I expected this to come, since we were never presented with a way for Song-ah to find success as a professional musician. Instead, she winds up where I secretly wanted her: working with Young-in at Kyunghoo. By the end of our story Song-ah seems content there, as with her decision, but there’s certainly something bittersweet about it. And bittersweet feels just right, since it was a love affair she had to chose to end in order to be happy.
The same sort of argument is used with Joon-young and Song-ah’s relationship — the trials they’ve been through make it bittersweet, but in the end they realize that the joy they received from each other out-weighed the hardships.
Song-ah has to mature and face her insecurities, but Joon-young also has things to learn before he can find his way back to Song-ah as well. It was satisfying to see him encourage his mother to divorce, to permanently break from Professor Yoo, and to choose not to compete anymore, instead focusing on performances that make him happy.
He creates a recital, the entire scope of which is basically a love letter to Song-ah. It pulls in all the things we know about Joon-young, and how he speaks through his music, and he bravely puts his heart out there on the stage. Each piece he plays is a huge metaphor for how he feels about Song-ah, and the Brahms-Clara-Schumann rhetoric confirms everything we need to know. Joon-young is now complete and whole enough to win Song-ah’s heart back.
Despite the fact that I can’t figure out why Song-ah wasn’t present for Joon-young’s entire love confession recital (why, story?), she catches the parts that matter, and her heart is so overcome that they’re ready to join hands again. After some heartfelt tears and kisses in the dressing room, that is.
Do You Like Brahms took us on a journey with our characters, and though at times it was a bit tormented, I like the way we’ve come full circle. The drama didn’t try to wipe out the pain and conflicts that our couple faced — problems weren’t quickly washed away and forgotten, and their past heartbreak still left scars. Instead, the message was that love was more important than all of these things, and I found this a rather poignant point to end on.

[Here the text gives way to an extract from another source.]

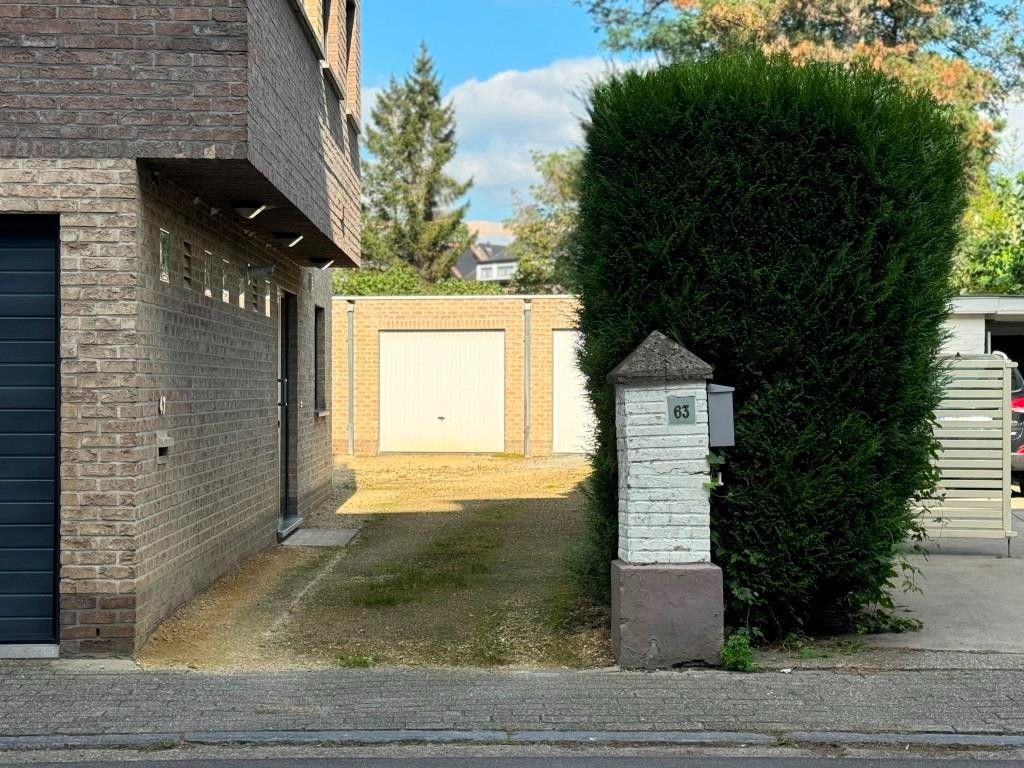 Ruim duplexappartement met garage in een rustige buurt van Sint-Amandsberg foto 22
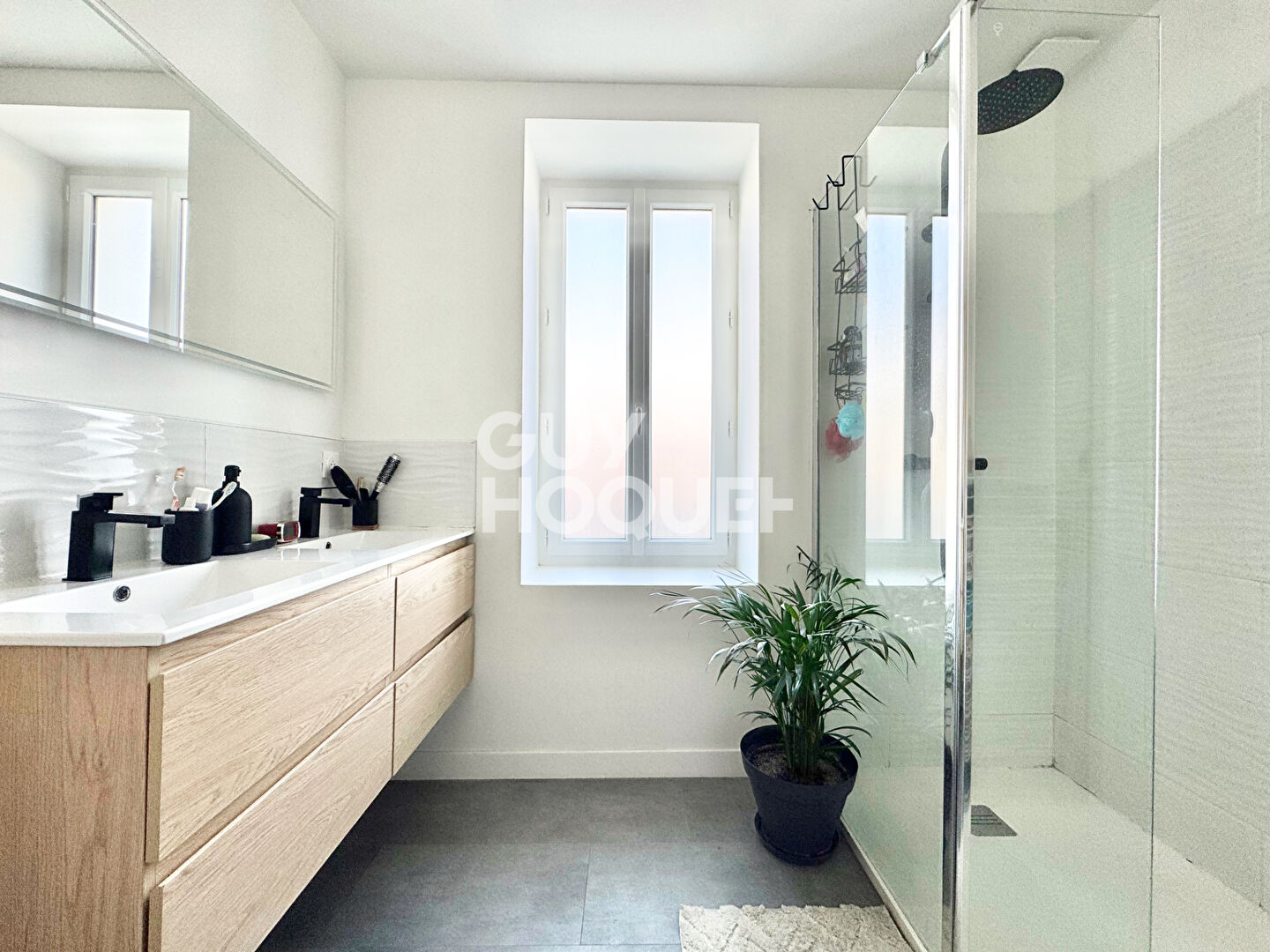 T2 rénové à deux pas de toute commodité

Our characters have changed a lot from when we met them in the summer, all bright-eyed and bushy-tailed. At the close of our story, the season has changed as much as they have changed. What they’ve experienced forced them to grow (and endure a lot of growing pains), and also led them to each other in the end.
To the drama that made us look forward to months of Mondays — and that told us it’s okay to have baggage and make mistakes, and that there’s still magic out there — thank you, Brahms.